-------- Dataset

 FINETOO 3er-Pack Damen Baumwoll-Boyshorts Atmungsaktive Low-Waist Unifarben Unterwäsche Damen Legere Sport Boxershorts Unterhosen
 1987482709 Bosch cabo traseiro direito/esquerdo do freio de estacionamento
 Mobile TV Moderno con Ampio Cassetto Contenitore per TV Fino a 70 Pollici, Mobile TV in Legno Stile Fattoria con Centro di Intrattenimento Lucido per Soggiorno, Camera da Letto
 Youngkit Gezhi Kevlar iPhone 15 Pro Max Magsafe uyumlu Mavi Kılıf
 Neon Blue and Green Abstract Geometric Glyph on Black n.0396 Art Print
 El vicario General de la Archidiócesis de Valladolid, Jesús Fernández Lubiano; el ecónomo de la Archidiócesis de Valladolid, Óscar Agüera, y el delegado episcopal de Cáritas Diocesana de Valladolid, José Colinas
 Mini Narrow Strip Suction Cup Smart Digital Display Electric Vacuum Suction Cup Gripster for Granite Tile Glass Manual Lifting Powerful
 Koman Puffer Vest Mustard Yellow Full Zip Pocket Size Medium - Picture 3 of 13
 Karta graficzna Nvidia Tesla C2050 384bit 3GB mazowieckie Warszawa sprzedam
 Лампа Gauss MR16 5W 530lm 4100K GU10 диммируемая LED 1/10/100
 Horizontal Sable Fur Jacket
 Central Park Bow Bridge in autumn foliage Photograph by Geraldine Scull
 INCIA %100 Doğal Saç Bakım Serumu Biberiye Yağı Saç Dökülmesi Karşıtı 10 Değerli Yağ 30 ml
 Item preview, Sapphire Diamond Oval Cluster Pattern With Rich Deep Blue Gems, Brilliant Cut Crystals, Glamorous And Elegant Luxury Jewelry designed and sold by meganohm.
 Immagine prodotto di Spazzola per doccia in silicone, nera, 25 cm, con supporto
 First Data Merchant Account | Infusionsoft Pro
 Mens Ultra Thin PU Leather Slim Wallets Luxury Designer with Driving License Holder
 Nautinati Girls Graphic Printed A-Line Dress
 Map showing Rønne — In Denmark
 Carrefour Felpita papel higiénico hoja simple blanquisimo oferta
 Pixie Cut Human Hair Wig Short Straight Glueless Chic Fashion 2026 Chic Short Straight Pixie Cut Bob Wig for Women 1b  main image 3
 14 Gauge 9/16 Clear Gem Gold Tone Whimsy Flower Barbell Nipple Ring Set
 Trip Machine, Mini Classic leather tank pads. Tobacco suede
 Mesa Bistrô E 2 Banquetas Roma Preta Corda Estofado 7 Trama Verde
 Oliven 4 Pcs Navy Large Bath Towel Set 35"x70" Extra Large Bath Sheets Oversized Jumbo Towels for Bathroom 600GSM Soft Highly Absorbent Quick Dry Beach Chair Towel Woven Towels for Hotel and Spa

----------------

▶ **About this exercise**:
Reproduce the entries in full, exactly as written.

▶ **Response**:
 FINETOO 3er-Pack Damen Baumwoll-Boyshorts Atmungsaktive Low-Waist Unifarben Unterwäsche Damen Legere Sport Boxershorts Unterhosen
 1987482709 Bosch cabo traseiro direito/esquerdo do freio de estacionamento
 Mobile TV Moderno con Ampio Cassetto Contenitore per TV Fino a 70 Pollici, Mobile TV in Legno Stile Fattoria con Centro di Intrattenimento Lucido per Soggiorno, Camera da Letto
 Youngkit Gezhi Kevlar iPhone 15 Pro Max Magsafe uyumlu Mavi Kılıf
 Neon Blue and Green Abstract Geometric Glyph on Black n.0396 Art Print
 El vicario General de la Archidiócesis de Valladolid, Jesús Fernández Lubiano; el ecónomo de la Archidiócesis de Valladolid, Óscar Agüera, y el delegado episcopal de Cáritas Diocesana de Valladolid, José Colinas
 Mini Narrow Strip Suction Cup Smart Digital Display Electric Vacuum Suction Cup Gripster for Granite Tile Glass Manual Lifting Powerful
 Koman Puffer Vest Mustard Yellow Full Zip Pocket Size Medium - Picture 3 of 13
 Karta graficzna Nvidia Tesla C2050 384bit 3GB mazowieckie Warszawa sprzedam
 Лампа Gauss MR16 5W 530lm 4100K GU10 диммируемая LED 1/10/100
 Horizontal Sable Fur Jacket
 Central Park Bow Bridge in autumn foliage Photograph by Geraldine Scull
 INCIA %100 Doğal Saç Bakım Serumu Biberiye Yağı Saç Dökülmesi Karşıtı 10 Değerli Yağ 30 ml
 Item preview, Sapphire Diamond Oval Cluster Pattern With Rich Deep Blue Gems, Brilliant Cut Crystals, Glamorous And Elegant Luxury Jewelry designed and sold by meganohm.
 Immagine prodotto di Spazzola per doccia in silicone, nera, 25 cm, con supporto
 First Data Merchant Account | Infusionsoft Pro
 Mens Ultra Thin PU Leather Slim Wallets Luxury Designer with Driving License Holder
 Nautinati Girls Graphic Printed A-Line Dress
 Map showing Rønne — In Denmark
 Carrefour Felpita papel higiénico hoja simple blanquisimo oferta
 Pixie Cut Human Hair Wig Short Straight Glueless Chic Fashion 2026 Chic Short Straight Pixie Cut Bob Wig for Women 1b  main image 3
 14 Gauge 9/16 Clear Gem Gold Tone Whimsy Flower Barbell Nipple Ring Set
 Trip Machine, Mini Classic leather tank pads. Tobacco suede
 Mesa Bistrô E 2 Banquetas Roma Preta Corda Estofado 7 Trama Verde
 Oliven 4 Pcs Navy Large Bath Towel Set 35"x70" Extra Large Bath Sheets Oversized Jumbo Towels for Bathroom 600GSM Soft Highly Absorbent Quick Dry Beach Chair Towel Woven Towels for Hotel and Spa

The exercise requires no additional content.